Electron donor and acceptor utilization assays.

Biolog dye was used to monitor sulfite and hydrogen utilization in modified M1 minimal medium. Electron acceptor utilization was assayed in the modified M1 medium supplemented with 50 mM sodium lactate as the electron donor and carbon source and the electron acceptors to be tested. The bacterial cultures were incubated under anaerobic or microoxic conditions (without shaking to limit aeration). Nitrate and the nitrite concentrations were measured by using a standard colorimetric method (12).

Genetic manipulation.

The two-step protocol of selection (antibiotics resistance for the single crossover) and counterselection (sucrose sensitivity for the double crossover) was applied for in-frame deletion of a specific gene(s) by using suicide vector pDS3.0 (R6K replicon, sacB, Gmr)-based constructs carrying a fusion of upstream and downstream sequences of target genes (see Tables S1 and S2 in the supplemental material) as previously described (13). The suicide vector was introduced into Shewanella by mating using Escherichia coli WM3064 as the donor strain.

RNA extraction and RT-PCR analysis of gene transcription.

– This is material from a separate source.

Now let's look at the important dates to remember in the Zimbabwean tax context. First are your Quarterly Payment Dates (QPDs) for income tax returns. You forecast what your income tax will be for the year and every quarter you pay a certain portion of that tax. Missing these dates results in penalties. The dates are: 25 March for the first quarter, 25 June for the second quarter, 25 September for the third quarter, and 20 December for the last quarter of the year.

Total RNA was extracted by using RNAiso Plus (TaKaRa) and an RNAprep Pure Cell/Bacteria kit (Tiangen Biotech [Beijing] Co., Ltd.), and RNA was further purified using DNase I treatment. The integrity of RNA was evaluated by agarose (0.8%) gel electrophoresis. The RNA concentration and purity were measured on a spectrophotometer (Nanodrop Technologies, Wilmington, DE). To prepare cDNA, 2 μg of total RNA was reverse transcribed (RT) using a PrimeScript RT reagent kit with gDNA Eraser (TaKaRa) and a TIANscript RT kit (Tiangen Biotech [Beijing] Co., Ltd.) according to the manufacturer's protocol. The PCR thermal cycles were as follows: 5 min at 95°C for cDNA denaturation followed by 27 to 30 cycles of 40 s at 95°C, 40 s at 51°C, and 30 s at 72°C. A final elongation step was performed for 10 min at 72°C. RT-PCR products were separated on a 0.8% agarose gel containing ethidium bromide and visualized by UV light and Bio-Rad Image software. The data presented represent relative mRNA levels normalized to 16S rRNA transcript levels, and the value of the control was set to 1. All the experiments described were performed in triplicate to obtain means and standard deviations (SD). The PCR products were also sequenced to confirm amplification of target genes. The primers used are listed in Table S2 in the supplemental material.

RESULTS

Establishment of genetic manipulation in strain W3-18-1.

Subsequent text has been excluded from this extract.